The ‘D’ word.

Dear Depression,

I remember the first time I met you. I was seven years old, you came holding the knowledge of freedom. I saw you in the eyes of the other children my age, who had no shoes on their feet. I saw you in the lifeless body of a baby, left on the streets, touched only by the parasites eating away it’s skin. I saw you in these nightmares. I was seven and no one in my school talked about death. I was seven, so I thought that I should not raise any questions. You locked me in my imaginations.

Then, I was nine and you came back. You called me stupid, lazy and a failure because I could not understand what was being taught in school. I tried so hard and yet would fail every Hindi exam. You made me worry about the money being wasted in private school education. You told me that I was unwanted, a burden and I was sad for no reason. But, I was nine and I didn’t know your name, so I couldn’t voice the torments you put in my head. You didn’t leave for the next three years.
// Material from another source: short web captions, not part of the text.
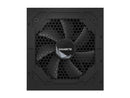 GIGABYTE GP-UD1000GM 1000W 80 Plus Gold Certified Fully Modular Power Supply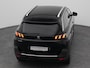 Peugeot 5008 1.2 PureTech 130 PK Automaat Allure 7-Pers. | CAMERA | KEYLESS
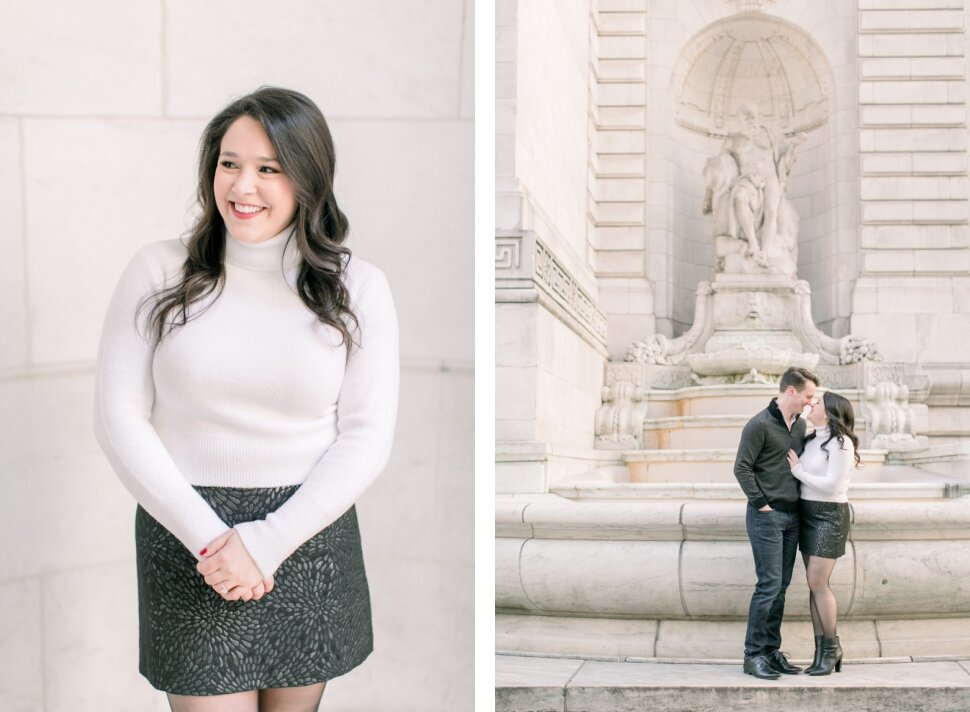 CassiClaire_NYPL-Grand-Central-Engagement-Session_14.jpg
Then, I was thirteen. You showed up with a gift and pressed it against my skin. I watched the blood drip. I was in so much pain, yet it was nothing compared to how much you screamed inside my head. It was too painful to bleed and I wanted to stop, but you would not stop until you held my body in your hands. Then, I was fifteen. I lost myself in religion and almost defeated you. You, the egomaniac, could not handle the defeat. You loved me so much you drew a curtain over my eyes of dying children in Syria, Egypt and Palestine and I felt their deaths as if they were my own children. I couldn’t cry enough, I wanted to scream in pain. And still, no one at school talked about death.

Then I was seventeen, eighteen and nineteen. Depression, you will not rest until you take away my family, my friends, my success, my ambitions, my life. You shaped my history and became a replacement for the love that I lost. Your roots are tangled so tightly with my childhood. You are the only friend I recognise and I see you in my reflection, in my shadow, in my nightmares. Yours is the voice that burns and withers in my head. You know me as deeply as I know you.

Now look at me, how I am breaking your chains. I am defeating you once again. Are you shocked to see that I have not given up? I unlocked my door and ignited my shame. The solution was just that simple, I had to learn how to pronounce your name.

Yours, I will never be. You will never hold the power to finish my story. This time, it is you who has failed. You will not be missed.